I planted a pumpkin sprout in the garden the other day. Today I went to look at it and it was gone. Completely. I dug around where I’d planted it and eventually found the peat pot bits that had gone into the dirt with it, plus a sad, bitten-down-to-the-ground stem.

I knew my fence was no longer working; I’d stumbled over it a couple of times (I knew I would do that), making it too low, and I’d seen a few small weeds that looked chomped. And the amaranth. But my plants are mostly old and tough enough that the rabbits haven’t seemed interested. This pumpkin, though…I feel like I betrayed it. Is that silly? I also feel disappointed–I wanted to grow my own pumpkins, and that was the only pumpkin seed that sprouted. (I think I have a couple more. But germination has, obviously, been lousy.) And at the same time I’m vaguely relieved: the cucumber, squash, and cantaloupe are starting to take off and cover their half of the raised bed with vines, and the pumpkin would have been just as bushy in a less convenient part of the garden.

But I do have those few extra seeds. And it won’t hurt anything to try again. I have leftover fencing that I could encircle a seedling with.

Here’s what that weed I allowed to live looks like these days:

Weed 6-17-07

It doesn’t…quite…smell like a tomato plant. Unless I’m prejudiced, which I might be. But it smells like something. It’s in the driveway bed, plenty of sun, no water other than what the sky has dropped on it except for when I planted it. There’s a Taxi tomato caticorner to it, and you can see one of the branches for comparison.

It looks like a tomato. And it has flowers like a tomato. For a while I was thinking maybe it was sterile, but there are a couple of slender blossoms just appearing now, so no. I’ll have to wait for fruit for a better identification, though.

I made homemade pesto tonight with basil from my garden. Fresh pesto = wow.

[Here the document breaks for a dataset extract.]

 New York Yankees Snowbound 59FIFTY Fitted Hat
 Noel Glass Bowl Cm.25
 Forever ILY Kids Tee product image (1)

I have some in a jar from Trader Joe’s sometimes and it’s perfectly pleasant, but this stuff is a serious upgrade. (Oh dear, I’m channeling Mimi Smartypants.) I could use less parmesan next time, though. And I’ve still got to try cilantro-walnut, once I work up the determination to sort the leaves from the flowers on my out-of-control cilantro plant.

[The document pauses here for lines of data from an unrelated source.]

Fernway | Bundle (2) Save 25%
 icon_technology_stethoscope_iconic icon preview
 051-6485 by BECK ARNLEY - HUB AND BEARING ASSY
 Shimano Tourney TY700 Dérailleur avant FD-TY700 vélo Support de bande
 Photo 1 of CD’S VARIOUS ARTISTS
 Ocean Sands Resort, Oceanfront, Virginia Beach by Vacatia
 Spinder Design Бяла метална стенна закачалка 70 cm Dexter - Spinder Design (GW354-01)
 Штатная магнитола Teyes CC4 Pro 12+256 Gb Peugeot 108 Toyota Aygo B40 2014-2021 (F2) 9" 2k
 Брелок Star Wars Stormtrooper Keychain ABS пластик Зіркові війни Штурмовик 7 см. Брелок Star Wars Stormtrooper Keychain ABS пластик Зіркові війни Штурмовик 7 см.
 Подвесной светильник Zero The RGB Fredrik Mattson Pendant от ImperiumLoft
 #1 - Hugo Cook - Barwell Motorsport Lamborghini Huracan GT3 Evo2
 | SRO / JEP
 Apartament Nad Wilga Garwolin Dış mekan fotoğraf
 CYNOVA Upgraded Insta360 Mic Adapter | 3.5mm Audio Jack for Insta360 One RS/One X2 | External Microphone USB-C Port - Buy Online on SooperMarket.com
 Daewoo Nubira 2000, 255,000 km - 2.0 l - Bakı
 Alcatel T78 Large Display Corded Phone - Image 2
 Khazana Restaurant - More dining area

For Green Thumb Sunday, here’s the most recent flower I’ve grown:

Quilt flower

I don’t know what you’d name it; I’ve been calling it the H flower (I couldn’t tell you why).

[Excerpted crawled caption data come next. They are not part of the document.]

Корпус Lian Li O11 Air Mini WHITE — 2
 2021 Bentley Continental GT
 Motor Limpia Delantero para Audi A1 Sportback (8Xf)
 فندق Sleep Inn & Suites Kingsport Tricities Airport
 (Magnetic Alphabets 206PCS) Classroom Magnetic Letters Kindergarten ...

Okay, so that doesn’t technically fall within the guidelines of Green Thumb Sunday, though since I’m not participating officially anyway, I’m not sure it matters. (Like the Three-Day novel I unofficially wrote a couple of years ago. I did participate officially a couple of years before that.) Try my back porch, then:

Back porch, infested with plants

My back porch is infested with pots. On the porch itself are my bay tree (growing much faster than I thought it would; two crowns of new leaves in the past week) and the salad bowl, plus some Micro-Toms and pumpkin seed starts. On the steps, there are cosmos in the tallest terra cotta pot, leftover wedding rocks in the smallest, hyssop in the middle. The red pot holds a wisteria grown from a seed my dad gave me last year. The green pot is merely holding dirt, awaiting the spilanthes that will soon be repotted in it, and the red plastic tray holds indigo seeds, one of which has sprouted.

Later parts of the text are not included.